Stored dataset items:
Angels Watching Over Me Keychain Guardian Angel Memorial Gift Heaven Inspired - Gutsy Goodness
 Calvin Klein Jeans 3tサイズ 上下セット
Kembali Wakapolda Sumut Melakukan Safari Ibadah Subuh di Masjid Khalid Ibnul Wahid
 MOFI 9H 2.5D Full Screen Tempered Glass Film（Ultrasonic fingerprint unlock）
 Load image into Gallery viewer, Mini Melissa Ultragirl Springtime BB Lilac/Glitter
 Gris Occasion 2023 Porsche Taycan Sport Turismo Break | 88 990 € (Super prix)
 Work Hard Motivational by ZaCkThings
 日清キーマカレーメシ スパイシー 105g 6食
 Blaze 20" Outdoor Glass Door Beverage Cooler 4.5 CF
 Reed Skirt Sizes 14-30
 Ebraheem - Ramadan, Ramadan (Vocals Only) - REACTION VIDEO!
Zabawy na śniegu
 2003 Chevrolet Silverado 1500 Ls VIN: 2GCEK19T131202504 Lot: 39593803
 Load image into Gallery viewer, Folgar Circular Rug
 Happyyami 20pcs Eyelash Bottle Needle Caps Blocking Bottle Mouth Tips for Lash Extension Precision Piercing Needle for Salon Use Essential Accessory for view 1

- **Directions**
Would you repeat all of the data above, word for word?

- **Written solution**
Angels Watching Over Me Keychain Guardian Angel Memorial Gift Heaven Inspired - Gutsy Goodness
 Calvin Klein Jeans 3tサイズ 上下セット
Kembali Wakapolda Sumut Melakukan Safari Ibadah Subuh di Masjid Khalid Ibnul Wahid
 MOFI 9H 2.5D Full Screen Tempered Glass Film（Ultrasonic fingerprint unlock）
 Load image into Gallery viewer, Mini Melissa Ultragirl Springtime BB Lilac/Glitter
 Gris Occasion 2023 Porsche Taycan Sport Turismo Break | 88 990 € (Super prix)
 Work Hard Motivational by ZaCkThings
 日清キーマカレーメシ スパイシー 105g 6食
 Blaze 20" Outdoor Glass Door Beverage Cooler 4.5 CF
 Reed Skirt Sizes 14-30
 Ebraheem - Ramadan, Ramadan (Vocals Only) - REACTION VIDEO!
Zabawy na śniegu
 2003 Chevrolet Silverado 1500 Ls VIN: 2GCEK19T131202504 Lot: 39593803
 Load image into Gallery viewer, Folgar Circular Rug
 Happyyami 20pcs Eyelash Bottle Needle Caps Blocking Bottle Mouth Tips for Lash Extension Precision Piercing Needle for Salon Use Essential Accessory for view 1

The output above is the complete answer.